“We did run multiple studies, some of which did not work, and some of which worked better than others. You may think that not reporting the less successful studies is wrong, but that is how the field works.” (Roy Baumeister, personal email communication)
The R-Index can be used to evaluate the replicability of a set of statistical results. It can be used to evaluate the statistical research integrity of journals, articles on a specific topic (meta-analysis), and researchers. Just like the H-Index has become a popular metric of research excellence, the R-Index of individual researchers can be used to evaluate the replicability of their findings.
I chose Roy Baumeister as an example for several reasons. First, the R-Index is based on my earlier work on the incredibility-index (Schimmack, 2012). In this article, I demonstrated how power analysis can be used to reveal that researchers used questionable research practices to produce statistically significant results. I illustrated this approach with two articles. One article published 10 experiments that appeared to demonstrate time-reversed causality. Independent replication studies failed to replicate this incredible finding. The Incredibility-Index predicted this failure. The second article was a study on glucose consumption and will-power with Roy Baumeister as the senior author. The Incredibility-Index showed that the statistical results reported in this article were even less credible than the time-travel studies in Bem’s (2011) article.
Not surprisingly, Roy Baumeister was a reviewer of the incredibility article. During the review process, Roy Baumeister explained why his article reported more significant results than one would expect on the basis of the statistical power of these studies.
“My paper with Gailliot et al. (2007) is used as an illustration here. Of course, I am quite familiar with the process and history of that one. We initially submitted it with more studies, some of which had weaker results. The editor said to delete those. He wanted the paper shorter so as not to use up a lot of journal space with mediocre results. It worked: the resulting paper is shorter and stronger. Does that count as magic? The studies deleted at the editor’s request are not the only story. I am pretty sure there were other studies that did not work. Let us suppose that our hypotheses were correct and that our research was impeccable.
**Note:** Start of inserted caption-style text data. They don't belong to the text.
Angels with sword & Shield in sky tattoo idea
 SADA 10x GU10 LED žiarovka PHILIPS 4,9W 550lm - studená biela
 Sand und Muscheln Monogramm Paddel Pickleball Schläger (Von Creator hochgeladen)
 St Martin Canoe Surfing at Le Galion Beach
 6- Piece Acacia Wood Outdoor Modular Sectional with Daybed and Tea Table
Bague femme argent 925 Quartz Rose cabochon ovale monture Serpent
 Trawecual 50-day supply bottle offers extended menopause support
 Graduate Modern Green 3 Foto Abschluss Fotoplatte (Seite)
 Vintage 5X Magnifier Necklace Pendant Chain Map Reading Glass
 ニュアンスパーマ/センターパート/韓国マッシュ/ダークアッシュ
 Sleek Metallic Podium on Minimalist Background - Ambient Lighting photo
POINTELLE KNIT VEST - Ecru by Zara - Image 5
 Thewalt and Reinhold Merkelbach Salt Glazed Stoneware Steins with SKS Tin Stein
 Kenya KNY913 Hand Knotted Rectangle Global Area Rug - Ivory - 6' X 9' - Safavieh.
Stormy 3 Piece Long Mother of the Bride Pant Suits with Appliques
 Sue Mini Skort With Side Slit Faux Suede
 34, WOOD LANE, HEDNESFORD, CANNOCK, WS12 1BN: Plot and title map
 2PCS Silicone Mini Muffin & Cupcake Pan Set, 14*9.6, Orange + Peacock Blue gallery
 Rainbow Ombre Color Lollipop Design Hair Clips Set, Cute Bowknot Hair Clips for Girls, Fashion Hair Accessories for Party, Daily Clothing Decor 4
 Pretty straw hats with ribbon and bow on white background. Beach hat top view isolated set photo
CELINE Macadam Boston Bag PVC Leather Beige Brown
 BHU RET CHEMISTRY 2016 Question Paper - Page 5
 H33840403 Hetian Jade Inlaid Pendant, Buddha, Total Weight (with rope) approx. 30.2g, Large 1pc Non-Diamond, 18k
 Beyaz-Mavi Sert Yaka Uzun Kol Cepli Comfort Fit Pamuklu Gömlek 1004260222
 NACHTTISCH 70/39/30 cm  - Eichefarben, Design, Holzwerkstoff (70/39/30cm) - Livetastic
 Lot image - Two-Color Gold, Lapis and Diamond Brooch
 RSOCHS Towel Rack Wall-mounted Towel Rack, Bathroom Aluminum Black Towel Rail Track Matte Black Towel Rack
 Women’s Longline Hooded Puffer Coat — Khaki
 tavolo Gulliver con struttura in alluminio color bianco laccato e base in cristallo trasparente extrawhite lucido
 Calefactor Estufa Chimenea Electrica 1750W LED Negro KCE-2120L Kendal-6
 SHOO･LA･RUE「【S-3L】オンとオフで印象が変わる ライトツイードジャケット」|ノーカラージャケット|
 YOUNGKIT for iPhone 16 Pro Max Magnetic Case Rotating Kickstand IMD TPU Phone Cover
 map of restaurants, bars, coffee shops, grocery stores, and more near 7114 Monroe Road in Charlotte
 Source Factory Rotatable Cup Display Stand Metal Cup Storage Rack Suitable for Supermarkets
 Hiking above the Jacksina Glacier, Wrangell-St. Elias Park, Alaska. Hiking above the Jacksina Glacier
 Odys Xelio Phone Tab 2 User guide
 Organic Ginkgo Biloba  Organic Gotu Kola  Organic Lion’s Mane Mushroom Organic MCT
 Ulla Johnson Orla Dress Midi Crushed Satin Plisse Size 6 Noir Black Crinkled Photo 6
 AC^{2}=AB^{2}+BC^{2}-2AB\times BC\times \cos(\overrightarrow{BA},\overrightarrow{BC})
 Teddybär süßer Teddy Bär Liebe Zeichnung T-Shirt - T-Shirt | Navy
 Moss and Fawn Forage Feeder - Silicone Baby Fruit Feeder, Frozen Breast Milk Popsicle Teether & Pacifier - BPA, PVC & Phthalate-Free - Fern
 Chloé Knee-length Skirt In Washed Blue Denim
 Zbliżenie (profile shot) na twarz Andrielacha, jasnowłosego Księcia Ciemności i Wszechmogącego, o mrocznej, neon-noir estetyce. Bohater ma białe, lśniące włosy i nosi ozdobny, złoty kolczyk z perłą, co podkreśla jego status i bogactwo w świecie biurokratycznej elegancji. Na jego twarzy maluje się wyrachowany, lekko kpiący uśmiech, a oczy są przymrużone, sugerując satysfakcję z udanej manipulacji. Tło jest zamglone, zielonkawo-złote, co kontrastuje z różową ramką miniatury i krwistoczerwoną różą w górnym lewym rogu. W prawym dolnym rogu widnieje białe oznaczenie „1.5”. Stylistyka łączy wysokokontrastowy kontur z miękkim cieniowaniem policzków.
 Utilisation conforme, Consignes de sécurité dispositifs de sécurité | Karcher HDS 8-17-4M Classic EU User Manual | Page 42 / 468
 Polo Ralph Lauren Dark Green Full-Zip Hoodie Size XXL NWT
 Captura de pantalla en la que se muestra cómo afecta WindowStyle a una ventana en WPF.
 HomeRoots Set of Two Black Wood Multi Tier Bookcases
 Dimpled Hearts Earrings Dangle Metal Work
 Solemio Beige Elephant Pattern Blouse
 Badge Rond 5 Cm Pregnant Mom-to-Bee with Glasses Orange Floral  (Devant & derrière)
Then several of our studies would have failed, simply given the realities of low power and random fluctuations. Is anyone surprised that those studies were not included in the draft we submitted for publication? If we had included them, certainly the editor and reviewers would have criticized them and formed a more negative impression of the paper. Let us suppose that they still thought the work deserved publication (after all, as I said, we are assuming here that the research was impeccable and the hypotheses correct). Do you think the editor would have wanted to include those studies in the published version?”
To my knowledge this is one of the few frank acknowledgements that questionable research practices (i.e., excluding evidence that does not support an author’s theory) contributed to the picture-perfect results in a published article. It is therefore instructive to examine the R-Index of a researcher who openly acknowledged that the reported results are a biased selection of the empirical evidence.
A tricky issue in any statistical analysis is the sampling of studies. In this case it would be possible to conduct the analysis on the full set of articles published by Roy Baumeister. However, for my analysis I selected a sample. To ensure that the sample is unbiased, I chose a sampling strategy that makes a priori sense and does not involve random sampling because I have control over the random generator. My sampling strategy was to focus on the Top 10 most cited original research articles.
To evaluate the R-Index, it is instructive to keep the following scenarios in mind.
- The null-hypothesis is true and a researcher uses questionable research practices to obtain just significant results (p = .049999). The observed power for this set of studies is 50%, but all statistical results are significant, 100% success rate. The success rate is inflated by 50%. The R-Index is observed power minus inflation rate, which is 0%.
- The null-hypothesis is true and a researcher drops non-significant results and/or uses questionable research methods that capitalize on chance. In this case, p-values above .05 are not reported and p-values below .05 have a uniform distribution with a median of .025. A p-value of .025 corresponds to 61% observed power. With 100% significant results, the inflation rate is 39%, and the R-Index is 22% (61%-39%).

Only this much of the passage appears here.